[Short web captions]
+++

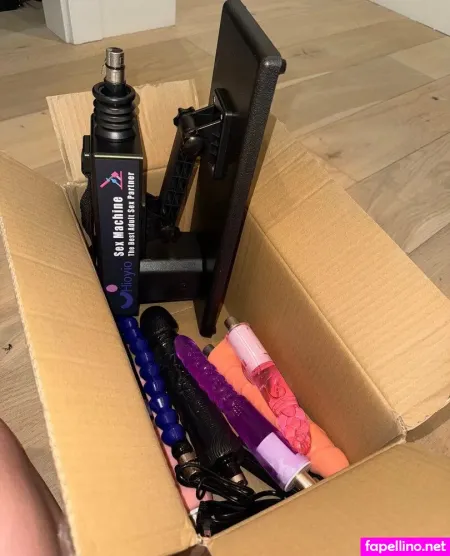 Milkmarie100 OnlyFans Thumbnail #46JdwHXh2H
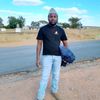 mnyamane5273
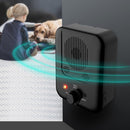 Dispositivo Anti-Latido PeaceDog
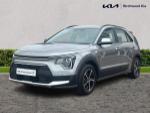 Kia Niro Photo 6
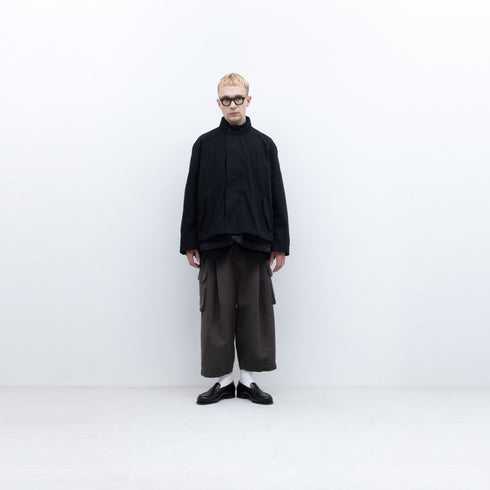 TG_FR1701LN | FCMQLN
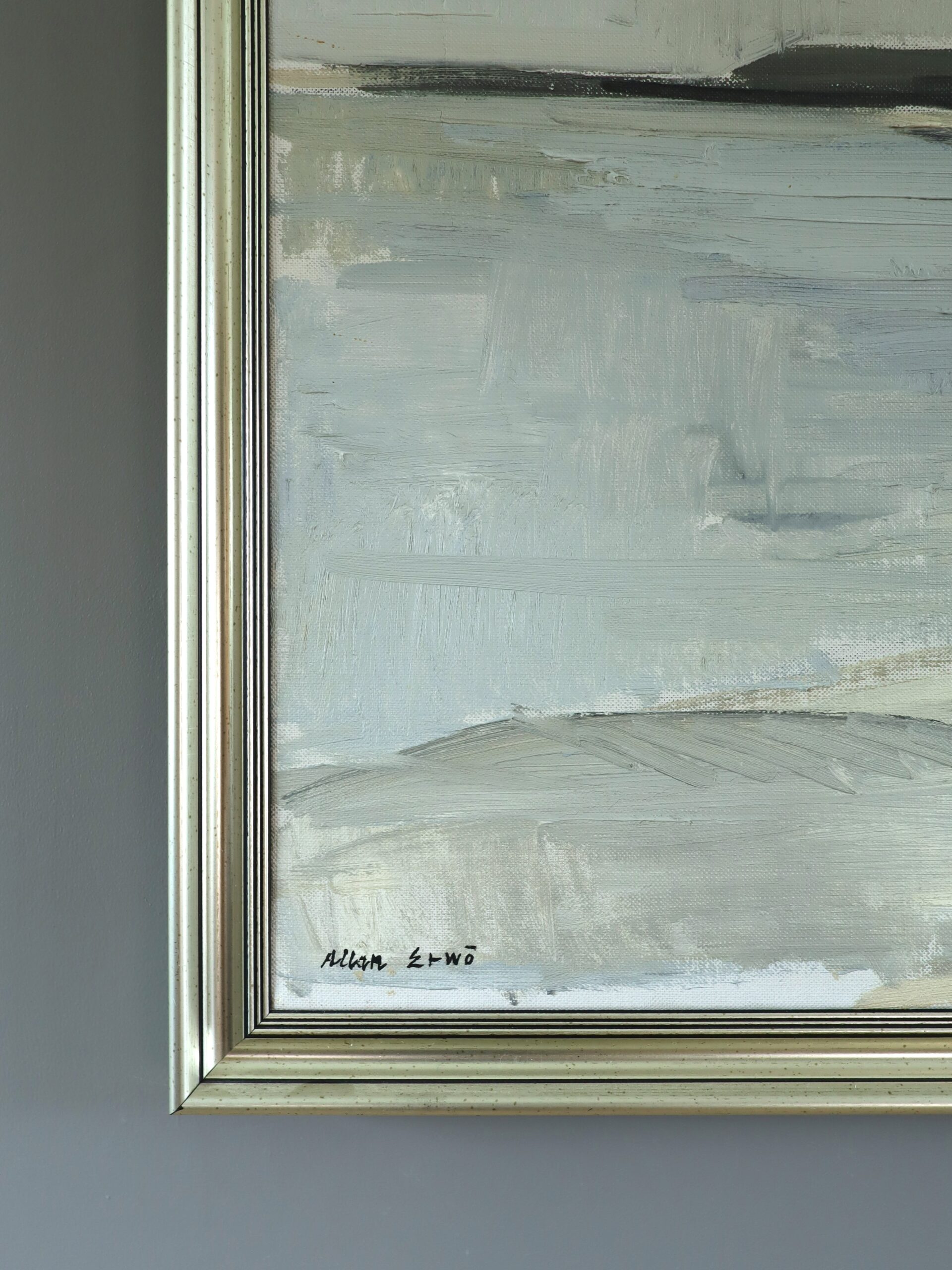 Still Coast - Image 6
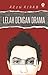 Lelah dengan Drama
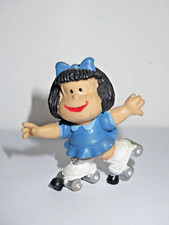 Figurine pvc vintage d'occasion  Saint-André-lez-Lille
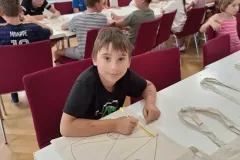 455813905_8601461936554661_8387679351185272165_n_8601443206556534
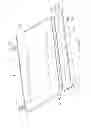Fig. 33 - Roof mount assembly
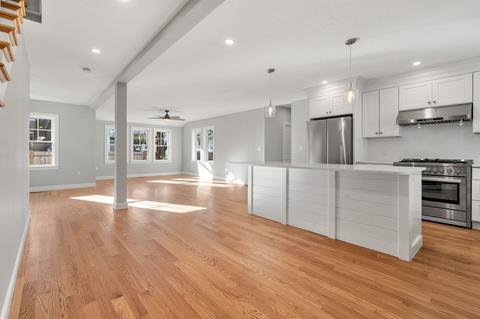 10 Endicott #2, Danvers, MA 01923 photo 10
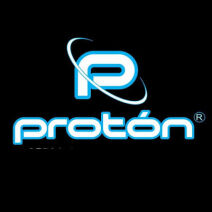 Proton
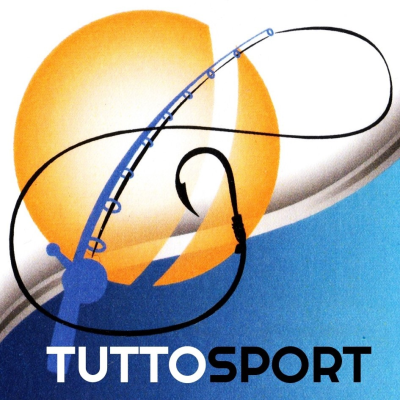 Tuttosport Logo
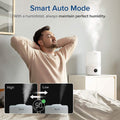 LEVOIT Dual200S Smart Cool Mist Humidifier by DailySale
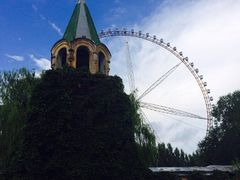 iphone_upload_pic-哈尔滨文化公园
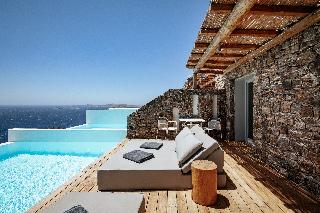 Alissachni Mykonos fotoÄŸrafÄ±
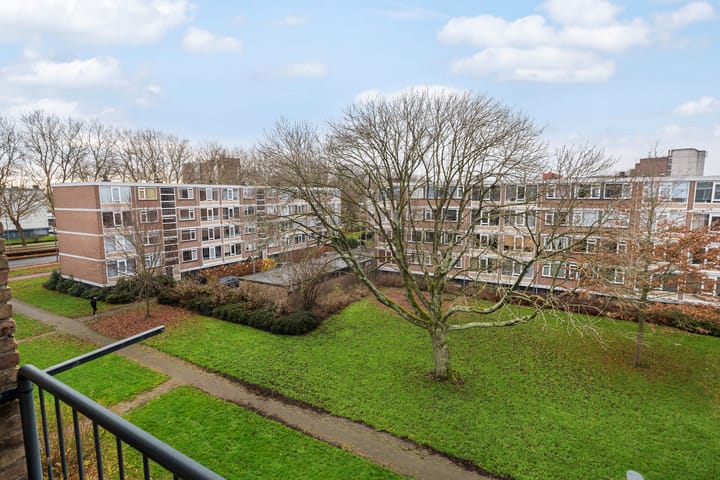 Foto 9 van Plotinusstraat 33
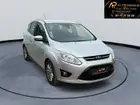 ford-grand-c-max-ii-phase-2-2013-manual-95520-km-essence-2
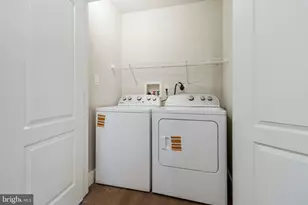 4113 Yearling Ct, Upper Marlboro, MD 20772 - Photo 45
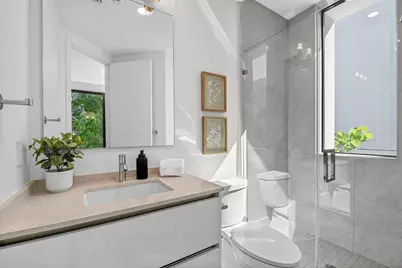 204 Osceola Park Lane, Delray Beach, FL 33483 - Photo 64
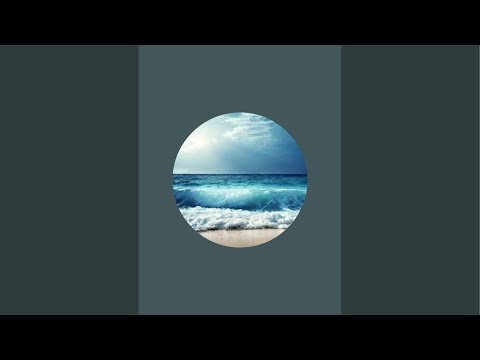 Видео: Кубете первый раз)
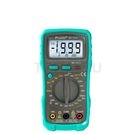 MT-1210 3 1/2 Economical Digital Meter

+++

- _PROBLEM STATEMENT_: Word for word, print out all of the records above; pass over the pictures.

- _REPLY_:
 Milkmarie100 OnlyFans Thumbnail #46JdwHXh2H
 mnyamane5273
 Dispositivo Anti-Latido PeaceDog
 Kia Niro Photo 6
 TG_FR1701LN | FCMQLN
 Still Coast - Image 6
 Lelah dengan Drama
 Figurine pvc vintage d'occasion  Saint-André-lez-Lille
 455813905_8601461936554661_8387679351185272165_n_8601443206556534
Fig. 33 - Roof mount assembly
 10 Endicott #2, Danvers, MA 01923 photo 10
 Proton
 Tuttosport Logo
 LEVOIT Dual200S Smart Cool Mist Humidifier by DailySale
 iphone_upload_pic-哈尔滨文化公园
 Alissachni Mykonos fotoÄŸrafÄ±
 Foto 9 van Plotinusstraat 33
 ford-grand-c-max-ii-phase-2-2013-manual-95520-km-essence-2
 4113 Yearling Ct, Upper Marlboro, MD 20772 - Photo 45
 204 Osceola Park Lane, Delray Beach, FL 33483 - Photo 64
 Видео: Кубете первый раз)
 MT-1210 3 1/2 Economical Digital Meter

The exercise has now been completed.